Aim of the task
In the material below, find the line containing "Matt fekete kő" and the line containing "GearUp 1 Pair", then reproduce exactly both of them and every line between, and nothing else.

Input material
"""

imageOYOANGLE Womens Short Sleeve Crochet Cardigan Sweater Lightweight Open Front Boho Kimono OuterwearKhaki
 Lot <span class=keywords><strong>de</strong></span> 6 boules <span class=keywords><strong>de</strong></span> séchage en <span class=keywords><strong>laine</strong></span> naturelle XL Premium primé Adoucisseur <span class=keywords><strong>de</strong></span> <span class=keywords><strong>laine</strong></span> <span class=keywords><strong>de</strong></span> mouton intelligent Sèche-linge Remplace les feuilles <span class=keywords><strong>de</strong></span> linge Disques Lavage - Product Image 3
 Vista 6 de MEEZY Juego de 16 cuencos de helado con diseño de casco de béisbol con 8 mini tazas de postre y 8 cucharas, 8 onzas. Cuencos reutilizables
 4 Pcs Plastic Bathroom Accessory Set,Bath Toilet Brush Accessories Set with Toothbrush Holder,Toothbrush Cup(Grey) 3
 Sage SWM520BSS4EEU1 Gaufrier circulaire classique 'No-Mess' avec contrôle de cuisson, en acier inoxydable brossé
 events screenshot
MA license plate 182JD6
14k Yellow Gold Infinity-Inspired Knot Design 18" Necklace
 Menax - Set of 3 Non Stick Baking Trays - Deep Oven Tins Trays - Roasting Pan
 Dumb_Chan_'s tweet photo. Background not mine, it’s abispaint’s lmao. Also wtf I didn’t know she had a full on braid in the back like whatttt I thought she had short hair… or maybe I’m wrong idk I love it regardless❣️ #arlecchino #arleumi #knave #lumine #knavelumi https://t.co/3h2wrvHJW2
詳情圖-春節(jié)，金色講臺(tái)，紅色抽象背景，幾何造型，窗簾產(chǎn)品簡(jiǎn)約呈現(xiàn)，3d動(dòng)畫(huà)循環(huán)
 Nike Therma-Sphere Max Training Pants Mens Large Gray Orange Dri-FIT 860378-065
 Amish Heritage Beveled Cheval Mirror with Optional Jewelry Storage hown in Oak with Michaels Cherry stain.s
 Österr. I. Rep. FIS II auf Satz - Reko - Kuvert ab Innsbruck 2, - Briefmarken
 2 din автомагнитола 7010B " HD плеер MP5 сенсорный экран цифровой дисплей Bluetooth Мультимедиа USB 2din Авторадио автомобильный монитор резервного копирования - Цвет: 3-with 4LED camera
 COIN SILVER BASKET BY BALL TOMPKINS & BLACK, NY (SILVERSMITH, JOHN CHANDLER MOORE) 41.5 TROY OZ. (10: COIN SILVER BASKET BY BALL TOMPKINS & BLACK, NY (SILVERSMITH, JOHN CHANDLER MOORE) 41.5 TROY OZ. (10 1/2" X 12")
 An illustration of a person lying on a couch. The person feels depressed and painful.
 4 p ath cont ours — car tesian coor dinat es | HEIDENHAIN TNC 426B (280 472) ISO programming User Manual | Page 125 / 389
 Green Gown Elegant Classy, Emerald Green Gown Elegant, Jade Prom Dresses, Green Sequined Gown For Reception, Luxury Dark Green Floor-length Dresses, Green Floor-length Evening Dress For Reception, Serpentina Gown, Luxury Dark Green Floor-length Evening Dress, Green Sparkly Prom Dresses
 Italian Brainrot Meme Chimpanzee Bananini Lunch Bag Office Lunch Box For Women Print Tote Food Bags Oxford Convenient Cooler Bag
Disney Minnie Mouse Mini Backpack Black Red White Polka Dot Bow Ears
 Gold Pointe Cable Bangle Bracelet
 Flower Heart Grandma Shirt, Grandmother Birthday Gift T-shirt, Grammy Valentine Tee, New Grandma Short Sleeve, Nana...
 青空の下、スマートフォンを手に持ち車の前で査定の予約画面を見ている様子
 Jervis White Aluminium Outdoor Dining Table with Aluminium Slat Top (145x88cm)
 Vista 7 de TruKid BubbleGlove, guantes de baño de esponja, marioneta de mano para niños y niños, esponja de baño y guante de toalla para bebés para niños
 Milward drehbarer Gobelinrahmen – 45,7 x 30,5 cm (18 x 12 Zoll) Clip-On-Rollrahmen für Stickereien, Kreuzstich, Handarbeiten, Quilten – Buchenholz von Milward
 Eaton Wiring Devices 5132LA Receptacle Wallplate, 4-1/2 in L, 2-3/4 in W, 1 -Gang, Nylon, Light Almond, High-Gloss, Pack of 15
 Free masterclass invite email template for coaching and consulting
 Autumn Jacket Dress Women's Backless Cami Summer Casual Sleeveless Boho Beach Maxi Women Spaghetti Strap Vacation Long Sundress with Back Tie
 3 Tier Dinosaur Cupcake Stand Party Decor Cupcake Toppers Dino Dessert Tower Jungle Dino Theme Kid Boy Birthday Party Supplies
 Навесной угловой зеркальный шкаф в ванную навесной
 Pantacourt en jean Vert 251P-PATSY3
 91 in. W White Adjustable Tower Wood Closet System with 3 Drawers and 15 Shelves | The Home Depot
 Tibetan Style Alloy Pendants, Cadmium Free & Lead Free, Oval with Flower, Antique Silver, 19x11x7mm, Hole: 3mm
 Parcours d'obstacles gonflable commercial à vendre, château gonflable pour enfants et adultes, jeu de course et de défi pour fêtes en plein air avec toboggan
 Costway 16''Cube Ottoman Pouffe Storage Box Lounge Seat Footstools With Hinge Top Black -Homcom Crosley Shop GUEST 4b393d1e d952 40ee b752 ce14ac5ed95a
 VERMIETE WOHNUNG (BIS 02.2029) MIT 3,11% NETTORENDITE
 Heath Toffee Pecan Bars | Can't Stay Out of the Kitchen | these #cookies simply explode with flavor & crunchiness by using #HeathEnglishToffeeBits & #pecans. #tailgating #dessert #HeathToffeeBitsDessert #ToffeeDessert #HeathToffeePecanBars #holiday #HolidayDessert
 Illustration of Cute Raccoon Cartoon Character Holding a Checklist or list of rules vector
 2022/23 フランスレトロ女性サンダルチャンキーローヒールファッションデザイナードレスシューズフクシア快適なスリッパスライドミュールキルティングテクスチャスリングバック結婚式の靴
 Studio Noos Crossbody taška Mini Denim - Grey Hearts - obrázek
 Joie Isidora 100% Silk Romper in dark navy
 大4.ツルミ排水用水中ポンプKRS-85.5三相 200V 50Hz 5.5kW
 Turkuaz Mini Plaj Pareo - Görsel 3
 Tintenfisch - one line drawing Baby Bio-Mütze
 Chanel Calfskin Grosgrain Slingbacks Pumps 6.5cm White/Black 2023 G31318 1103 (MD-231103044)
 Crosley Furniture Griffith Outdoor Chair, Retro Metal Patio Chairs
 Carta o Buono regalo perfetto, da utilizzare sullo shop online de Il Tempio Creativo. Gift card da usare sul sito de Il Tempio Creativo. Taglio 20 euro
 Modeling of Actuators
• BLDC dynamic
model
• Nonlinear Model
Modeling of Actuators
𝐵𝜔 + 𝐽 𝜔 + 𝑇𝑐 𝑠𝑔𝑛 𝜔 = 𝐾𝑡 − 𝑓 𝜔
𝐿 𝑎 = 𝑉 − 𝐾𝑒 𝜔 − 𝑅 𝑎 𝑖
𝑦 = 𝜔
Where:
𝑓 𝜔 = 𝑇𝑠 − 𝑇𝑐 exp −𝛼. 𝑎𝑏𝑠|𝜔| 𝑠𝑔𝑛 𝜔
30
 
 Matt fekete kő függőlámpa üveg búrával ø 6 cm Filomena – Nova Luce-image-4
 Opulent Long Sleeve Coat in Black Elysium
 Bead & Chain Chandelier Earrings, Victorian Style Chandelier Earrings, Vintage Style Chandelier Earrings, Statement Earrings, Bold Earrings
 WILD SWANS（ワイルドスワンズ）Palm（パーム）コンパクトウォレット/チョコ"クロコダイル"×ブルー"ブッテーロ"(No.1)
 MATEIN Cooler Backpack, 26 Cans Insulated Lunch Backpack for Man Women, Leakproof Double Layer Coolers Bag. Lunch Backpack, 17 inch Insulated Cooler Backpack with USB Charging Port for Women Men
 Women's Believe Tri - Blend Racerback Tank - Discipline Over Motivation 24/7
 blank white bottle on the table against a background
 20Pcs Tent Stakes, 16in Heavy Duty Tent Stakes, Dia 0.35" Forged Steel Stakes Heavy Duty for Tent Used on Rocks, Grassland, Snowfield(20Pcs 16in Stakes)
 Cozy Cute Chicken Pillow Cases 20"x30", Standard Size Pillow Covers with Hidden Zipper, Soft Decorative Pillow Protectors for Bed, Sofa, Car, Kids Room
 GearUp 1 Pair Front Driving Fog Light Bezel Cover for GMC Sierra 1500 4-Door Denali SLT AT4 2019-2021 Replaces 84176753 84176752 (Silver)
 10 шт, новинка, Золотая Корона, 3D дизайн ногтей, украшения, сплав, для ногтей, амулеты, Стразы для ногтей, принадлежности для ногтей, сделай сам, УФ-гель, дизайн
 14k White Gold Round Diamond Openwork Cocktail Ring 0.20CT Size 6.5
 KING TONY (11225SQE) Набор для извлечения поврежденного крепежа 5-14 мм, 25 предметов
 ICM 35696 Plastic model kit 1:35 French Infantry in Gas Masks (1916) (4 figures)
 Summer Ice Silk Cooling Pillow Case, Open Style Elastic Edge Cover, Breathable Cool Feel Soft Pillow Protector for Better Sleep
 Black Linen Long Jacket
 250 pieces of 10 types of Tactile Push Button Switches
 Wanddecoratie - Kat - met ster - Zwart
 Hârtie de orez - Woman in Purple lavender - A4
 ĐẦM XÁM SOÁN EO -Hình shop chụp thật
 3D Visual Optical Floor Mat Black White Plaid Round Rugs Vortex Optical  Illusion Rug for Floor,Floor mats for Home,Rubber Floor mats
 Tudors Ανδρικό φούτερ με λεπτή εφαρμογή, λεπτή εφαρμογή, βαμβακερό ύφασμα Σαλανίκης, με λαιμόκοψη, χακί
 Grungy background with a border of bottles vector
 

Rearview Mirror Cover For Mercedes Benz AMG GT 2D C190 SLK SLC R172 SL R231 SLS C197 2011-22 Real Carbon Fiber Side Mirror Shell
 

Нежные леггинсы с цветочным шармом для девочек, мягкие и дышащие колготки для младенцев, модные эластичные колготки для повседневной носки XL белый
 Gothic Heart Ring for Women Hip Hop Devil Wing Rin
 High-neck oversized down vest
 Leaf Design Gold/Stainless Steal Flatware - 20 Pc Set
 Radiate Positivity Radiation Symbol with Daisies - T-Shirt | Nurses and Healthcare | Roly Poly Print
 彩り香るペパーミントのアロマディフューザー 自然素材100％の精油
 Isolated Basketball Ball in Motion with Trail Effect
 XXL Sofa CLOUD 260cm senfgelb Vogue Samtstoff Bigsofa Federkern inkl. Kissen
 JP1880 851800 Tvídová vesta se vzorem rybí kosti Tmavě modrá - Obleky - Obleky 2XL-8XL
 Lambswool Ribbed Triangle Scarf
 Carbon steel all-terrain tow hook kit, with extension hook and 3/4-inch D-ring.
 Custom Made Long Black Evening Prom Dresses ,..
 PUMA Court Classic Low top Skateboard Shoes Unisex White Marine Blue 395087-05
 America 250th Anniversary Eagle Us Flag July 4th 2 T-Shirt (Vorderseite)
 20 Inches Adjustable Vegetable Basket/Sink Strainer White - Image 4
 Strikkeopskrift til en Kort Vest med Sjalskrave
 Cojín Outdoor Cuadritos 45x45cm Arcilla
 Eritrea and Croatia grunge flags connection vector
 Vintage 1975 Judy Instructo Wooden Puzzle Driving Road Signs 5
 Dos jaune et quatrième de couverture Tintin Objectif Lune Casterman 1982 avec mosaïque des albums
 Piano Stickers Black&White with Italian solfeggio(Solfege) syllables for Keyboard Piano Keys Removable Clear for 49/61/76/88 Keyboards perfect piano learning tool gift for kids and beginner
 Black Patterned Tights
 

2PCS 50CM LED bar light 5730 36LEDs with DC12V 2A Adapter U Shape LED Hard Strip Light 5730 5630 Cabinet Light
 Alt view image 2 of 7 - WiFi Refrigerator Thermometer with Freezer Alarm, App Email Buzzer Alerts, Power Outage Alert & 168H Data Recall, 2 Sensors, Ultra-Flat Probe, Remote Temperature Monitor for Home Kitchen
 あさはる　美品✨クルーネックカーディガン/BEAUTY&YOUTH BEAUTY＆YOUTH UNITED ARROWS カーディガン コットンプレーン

"""

Reply to the exercise
 Matt fekete kő függőlámpa üveg búrával ø 6 cm Filomena – Nova Luce-image-4
 Opulent Long Sleeve Coat in Black Elysium
 Bead & Chain Chandelier Earrings, Victorian Style Chandelier Earrings, Vintage Style Chandelier Earrings, Statement Earrings, Bold Earrings
 WILD SWANS（ワイルドスワンズ）Palm（パーム）コンパクトウォレット/チョコ"クロコダイル"×ブルー"ブッテーロ"(No.1)
 MATEIN Cooler Backpack, 26 Cans Insulated Lunch Backpack for Man Women, Leakproof Double Layer Coolers Bag. Lunch Backpack, 17 inch Insulated Cooler Backpack with USB Charging Port for Women Men
 Women's Believe Tri - Blend Racerback Tank - Discipline Over Motivation 24/7
 blank white bottle on the table against a background
 20Pcs Tent Stakes, 16in Heavy Duty Tent Stakes, Dia 0.35" Forged Steel Stakes Heavy Duty for Tent Used on Rocks, Grassland, Snowfield(20Pcs 16in Stakes)
 Cozy Cute Chicken Pillow Cases 20"x30", Standard Size Pillow Covers with Hidden Zipper, Soft Decorative Pillow Protectors for Bed, Sofa, Car, Kids Room
 GearUp 1 Pair Front Driving Fog Light Bezel Cover for GMC Sierra 1500 4-Door Denali SLT AT4 2019-2021 Replaces 84176753 84176752 (Silver)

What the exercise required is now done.